I always knew that my good friend Bob Halligan Jr. put his blood, sweat and tears into his music.
But not until he sent out a message this morning did I realize that an original member of the group Blood, Sweat & Tears was the Syracuse songwriter and musician’s first cousin.
Richard Halligan is coming to visit Central New York next week. Bob goes with the more affectionate Dick as he describes his cousin’s accomplishment. I’ll stick with the more formal Richard after connecting to his web site and reading about his impressive accomplishments.
Richard Halligan played trombone on the 1968 first album from Blood, Sweat & Tears, joining Al Kooper. For album two, when David Clayton Thomas took as front man from Kooper, Halligan replaced Kooper on Hammond B3 organ as well as adding some piano and flute work to his trombone. Halligan also arranged 60 percent of that album. It won that year’s Grammy for album of the year. One of the albums it beat out: The Beatles’ “Abbey Road.”
He also was nominated for a Grammy in the best instrumental category as the arranger for “Variations on a Theme by Eric Satie.” Halligan played all three flute parts on that album.
Halligan left BS&T in 1972, and went on to compose music for movies and TV.
And, “all the while, played jazz and wrote classical pieces,” says Bob Halligan, the charismatic leader for spirited Celtic rock band Ceili Rain and songwriter who’s seen his songs hit the charts for artists as diverse as Cher, Judas Priest and Kathy Mattea. “All of this from the mild-mannered cousin whom I had known since babyhood,” Bob Halligan says of the son of his father’s brother.
Richard Halligan will be the Soyers Series lecturer, at 6:45 p.m.
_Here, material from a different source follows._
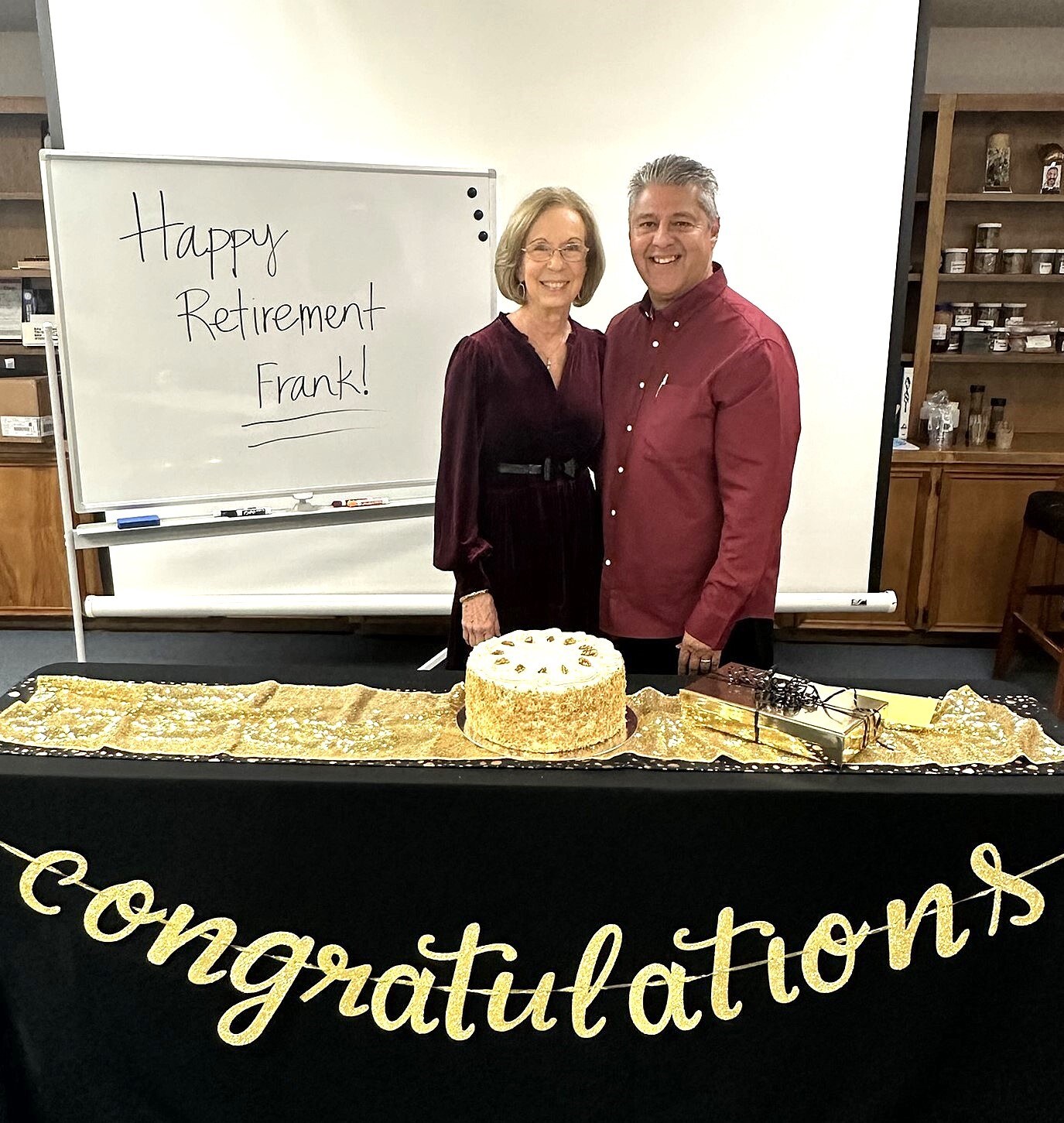 Frank Aguilar Retirement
Thursday, Oct. 17, at Syracuse University’s Whitman School of Management’s Room 007. The lecture is free and open to the public.
The next night, he’ll perform his one-man show, at 7 p.m. Oct. 18 at St. Paul’s Cathedral, at E. Fayette and Montgomery streets in downtown Syracuse.
Titled “Love, Sweat & Fears,” the show is a “played/spoken/sung history of his journey,” Bob Halligan says.
Admission is free for college students, $10 for the general public.